In the listing that follows, the range to quote begins at the line that has "VW T-Roc T-Roc" and ends after the line that has "Sencor Sáčky pro"; quote it verbatim and add nothing.

**Excerpted records:**
--- START ---
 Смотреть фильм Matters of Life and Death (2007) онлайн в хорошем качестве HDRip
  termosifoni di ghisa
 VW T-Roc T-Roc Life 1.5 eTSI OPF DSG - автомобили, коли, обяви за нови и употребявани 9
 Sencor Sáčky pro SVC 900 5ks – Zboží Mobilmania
--- END ---
--- START ---
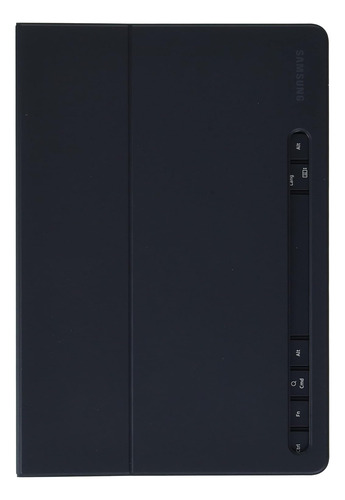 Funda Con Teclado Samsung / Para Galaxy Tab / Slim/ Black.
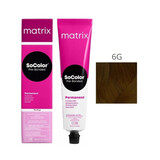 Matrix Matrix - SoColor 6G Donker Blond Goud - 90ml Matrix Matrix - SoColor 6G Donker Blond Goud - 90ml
--- END ---
**Response to this task:**
 VW T-Roc T-Roc Life 1.5 eTSI OPF DSG - автомобили, коли, обяви за нови и употребявани 9
 Sencor Sáčky pro SVC 900 5ks – Zboží Mobilmania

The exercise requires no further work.